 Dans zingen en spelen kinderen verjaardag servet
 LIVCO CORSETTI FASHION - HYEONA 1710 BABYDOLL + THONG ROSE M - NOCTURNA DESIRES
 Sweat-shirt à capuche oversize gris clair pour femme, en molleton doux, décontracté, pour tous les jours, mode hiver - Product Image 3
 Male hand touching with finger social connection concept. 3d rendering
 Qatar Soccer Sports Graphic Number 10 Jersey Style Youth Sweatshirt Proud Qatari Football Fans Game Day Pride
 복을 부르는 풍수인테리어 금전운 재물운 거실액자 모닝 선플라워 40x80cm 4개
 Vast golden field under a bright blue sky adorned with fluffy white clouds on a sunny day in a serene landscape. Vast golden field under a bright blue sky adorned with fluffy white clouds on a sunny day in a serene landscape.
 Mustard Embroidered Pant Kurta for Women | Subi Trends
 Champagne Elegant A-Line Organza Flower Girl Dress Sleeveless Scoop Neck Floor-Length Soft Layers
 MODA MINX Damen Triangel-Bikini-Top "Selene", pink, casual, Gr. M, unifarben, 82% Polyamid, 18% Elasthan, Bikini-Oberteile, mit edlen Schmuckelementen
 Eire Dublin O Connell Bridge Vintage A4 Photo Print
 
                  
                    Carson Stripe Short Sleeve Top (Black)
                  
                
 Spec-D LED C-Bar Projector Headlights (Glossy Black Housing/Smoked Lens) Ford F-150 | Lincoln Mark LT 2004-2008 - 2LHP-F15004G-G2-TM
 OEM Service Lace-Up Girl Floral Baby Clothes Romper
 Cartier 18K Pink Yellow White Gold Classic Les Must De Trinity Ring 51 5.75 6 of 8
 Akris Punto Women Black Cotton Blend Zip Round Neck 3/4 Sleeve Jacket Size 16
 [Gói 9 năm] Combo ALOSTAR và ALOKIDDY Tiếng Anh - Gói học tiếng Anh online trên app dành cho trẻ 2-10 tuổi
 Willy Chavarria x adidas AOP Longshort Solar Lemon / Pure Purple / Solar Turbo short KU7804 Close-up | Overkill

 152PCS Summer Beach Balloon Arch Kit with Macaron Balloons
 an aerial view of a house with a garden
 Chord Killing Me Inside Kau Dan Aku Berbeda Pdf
----------------------------------------
INSTRUCTIONS FOR THE TASK: Taking the entries above, print exactly the lines starting at the line with "Sweat-shirt à capuche" and ending at the line with "Cartier 18K Pink", both included.

EXERCISE RESULT:
 Sweat-shirt à capuche oversize gris clair pour femme, en molleton doux, décontracté, pour tous les jours, mode hiver - Product Image 3
 Male hand touching with finger social connection concept. 3d rendering
 Qatar Soccer Sports Graphic Number 10 Jersey Style Youth Sweatshirt Proud Qatari Football Fans Game Day Pride
 복을 부르는 풍수인테리어 금전운 재물운 거실액자 모닝 선플라워 40x80cm 4개
 Vast golden field under a bright blue sky adorned with fluffy white clouds on a sunny day in a serene landscape. Vast golden field under a bright blue sky adorned with fluffy white clouds on a sunny day in a serene landscape.
 Mustard Embroidered Pant Kurta for Women | Subi Trends
 Champagne Elegant A-Line Organza Flower Girl Dress Sleeveless Scoop Neck Floor-Length Soft Layers
 MODA MINX Damen Triangel-Bikini-Top "Selene", pink, casual, Gr. M, unifarben, 82% Polyamid, 18% Elasthan, Bikini-Oberteile, mit edlen Schmuckelementen
 Eire Dublin O Connell Bridge Vintage A4 Photo Print
 
                  
                    Carson Stripe Short Sleeve Top (Black)
                  
                
 Spec-D LED C-Bar Projector Headlights (Glossy Black Housing/Smoked Lens) Ford F-150 | Lincoln Mark LT 2004-2008 - 2LHP-F15004G-G2-TM
 OEM Service Lace-Up Girl Floral Baby Clothes Romper
 Cartier 18K Pink Yellow White Gold Classic Les Must De Trinity Ring 51 5.75 6 of 8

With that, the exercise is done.